Aeronautical and Space-Rocket Engineering

Design, construction and manufacturing of flying vehicles


DOI: 10.34759/vst-2021-2-69-84

Аuthors

Petronevich V. V.*, Lyutov V. V.*, Manvelyan V. S.**, Kulikov A. A.***, Zimogorov S. V.****

Central Aerohydrodynamic Institute named after N.E. Zhukovsky (TsAGI), 1, Zhukovsky str., Zhukovsky, Moscow Region, 140180, Russia

*e-mail: mera@tsagi.ru
**e-mail: vagan.manvelyan@tsagi.ru
***e-mail: kulikov@tsagi.ru
****e-mail: szimogorov@yandex.ru

Abstract

Measuring total forces and torques affecting the helicopter tail rotor became an up-to-date task of aerodynamics with the advent of the interest to studying «spontaneous» left rotation of single rotor helicopters.

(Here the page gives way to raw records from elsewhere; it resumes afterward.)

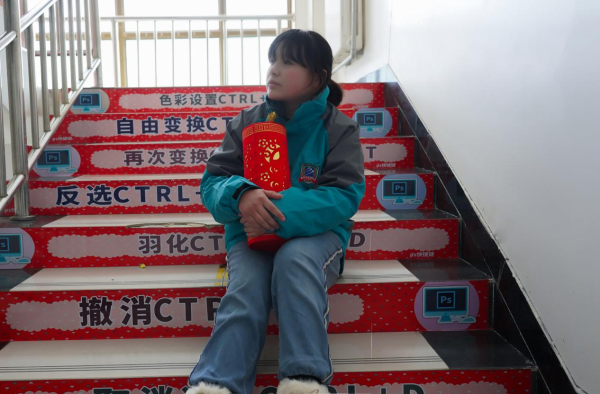 來蘭州新華，圓大學夢想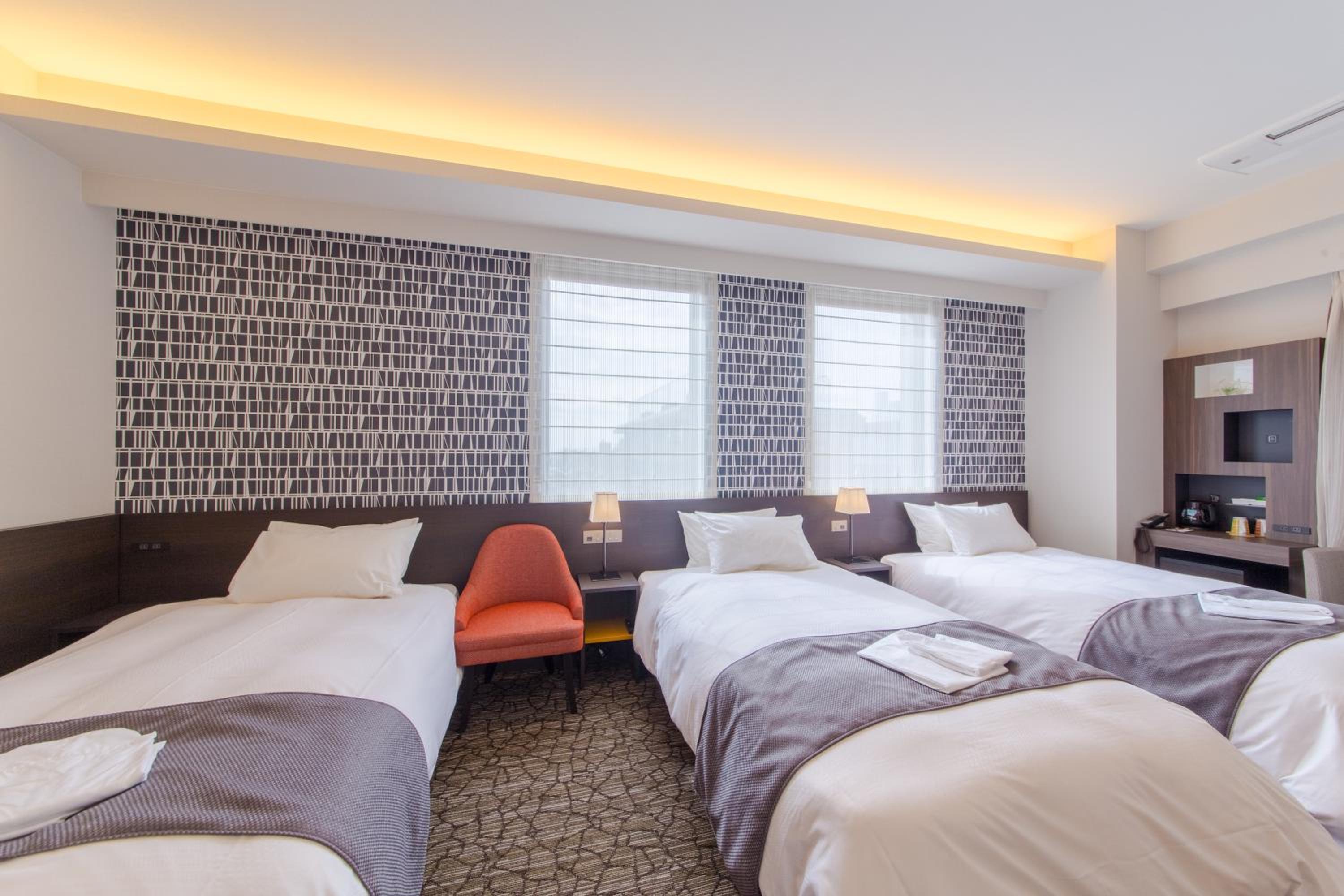 Triple Room thumbnail 6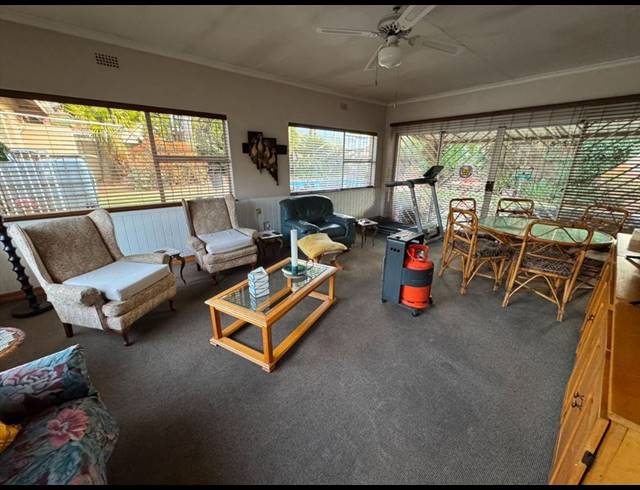 4 BEDROOM FREESTANDING FOR SALE IN GLEN MARAIS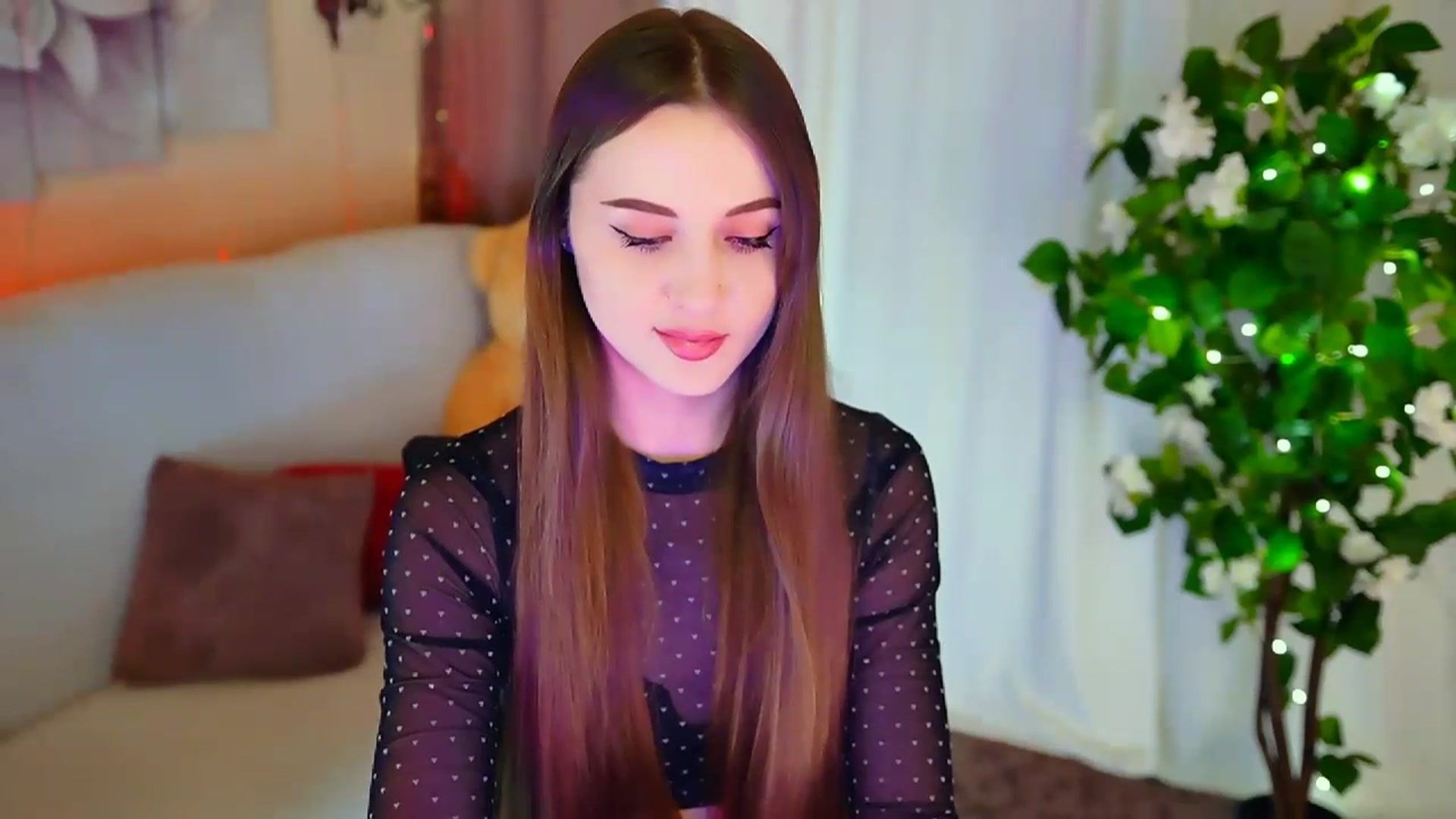 Gallery image thumbnail from Innocent_Soul's myfreecams stream on, 01/29/2024, 14:15 image 15 of 20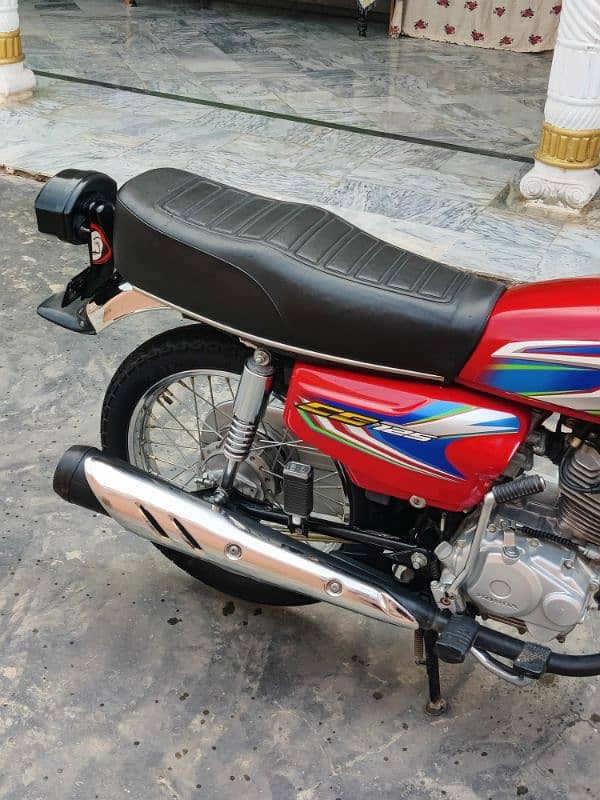 Honda CG 125 8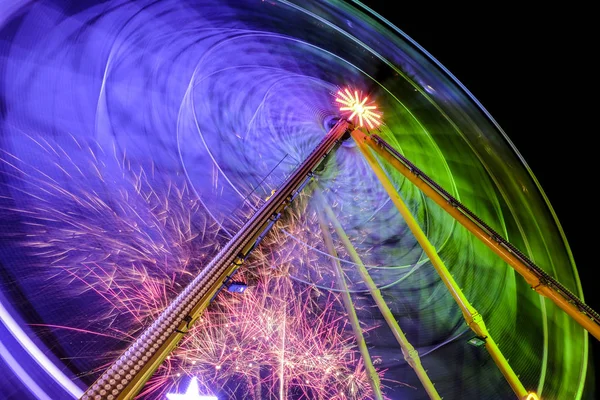 Grande Ruota Fuochi Artificio Notte — Foto Stock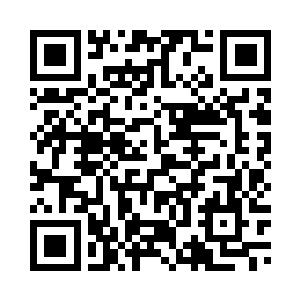 正在和小朋友嘀咕的九风倏地抬头二维码生成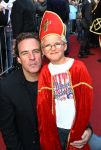 Amsterdam, 4 Oktober 2009
Premiere in Tuschinski, Nederlandse speelfilm:
Sinterklaas en de verdwenen pakjesboot
Joep Serton met zijn zoontje
Foto Peter Smulders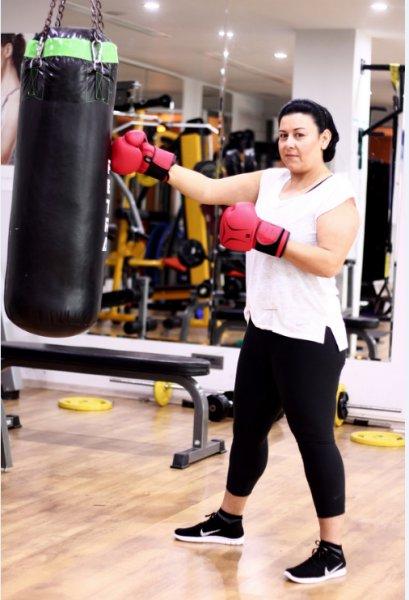 Oyuncu Esin Gündoğdu 2 yılda 60 kilo verdi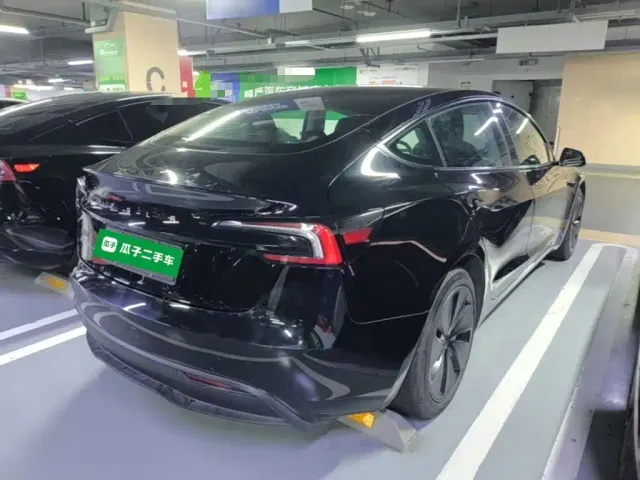 Tesla Model 3 — Фото автомобиля 6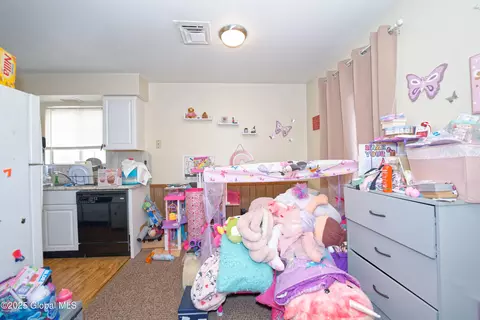 233 Jackson Ave, Schenectady, NY 12304 photo 30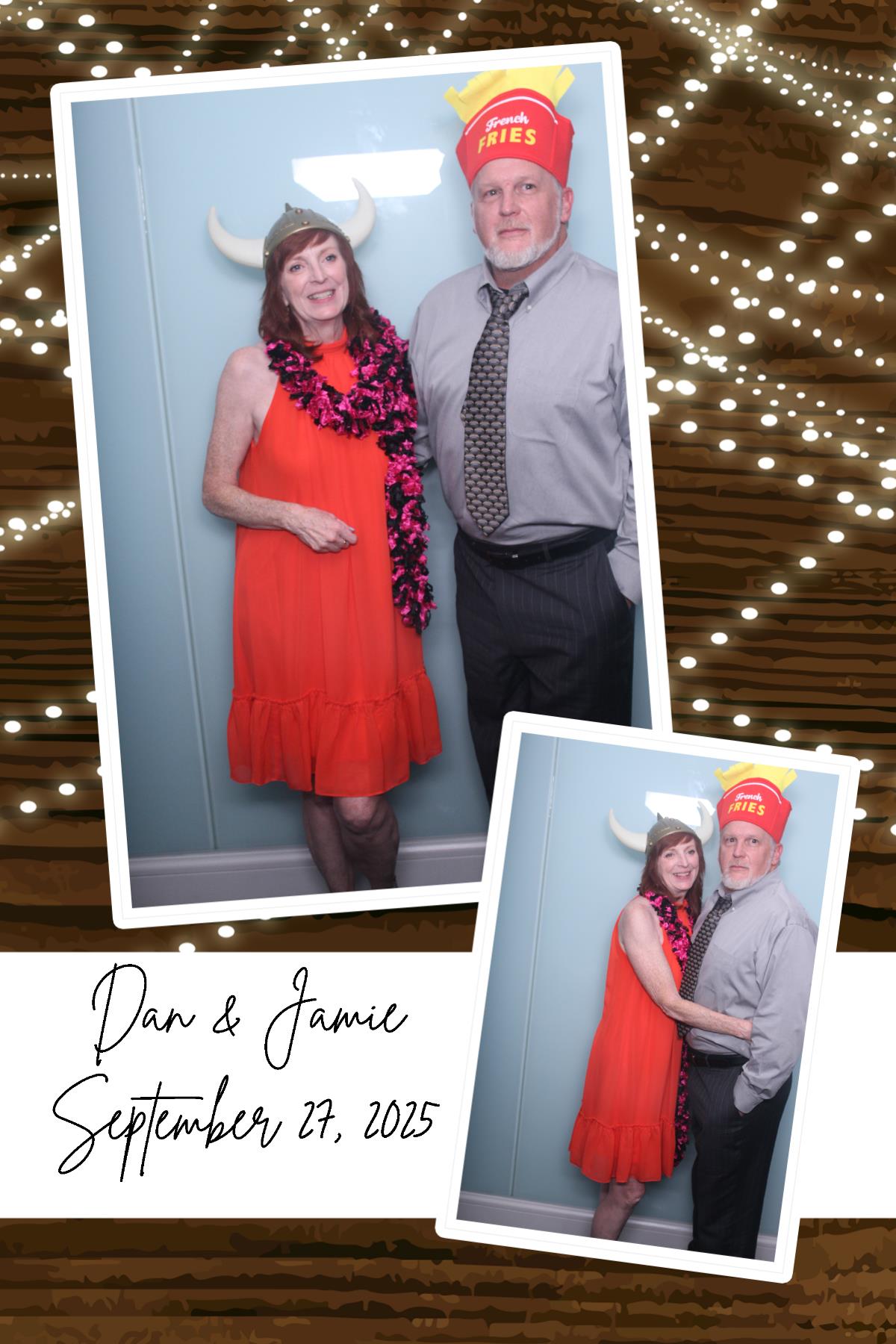 Dan & Jamie | View more photos from the event at gallery.photoboothcincy.com/u/PhotoBoothCincy/Dan-Jamie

A strain gauge balance is employed to measure the six components of the total aerodynamic force and moment. As far as the case in hand is the loads on the rotating propeller measuring, the strain-gauge balance should be a rotating one (RSB) to measure the six components. The article presents the results of the further development of the spoke-type RSB design with twelve measuring beams, which were presented in the earlier works of the authors. The article demonstrates that the structure consisted of the twelve measuring beams is scalable and applicable with various combinations of the expected loads, affecting the propeller in rotation. Besides, the anticipated places for the strain-gauge gluing are shown demonstrably, and the scheme of their connection into the Wheatstone measuring bridge is proposed.

Computations revealed that components interaction in such structure are minimal at maximum value of signal stresses in the supposed places of strain-gauge resistors gluing. Besides this, the strain-gauge balance design ensures high strength factor no less than four.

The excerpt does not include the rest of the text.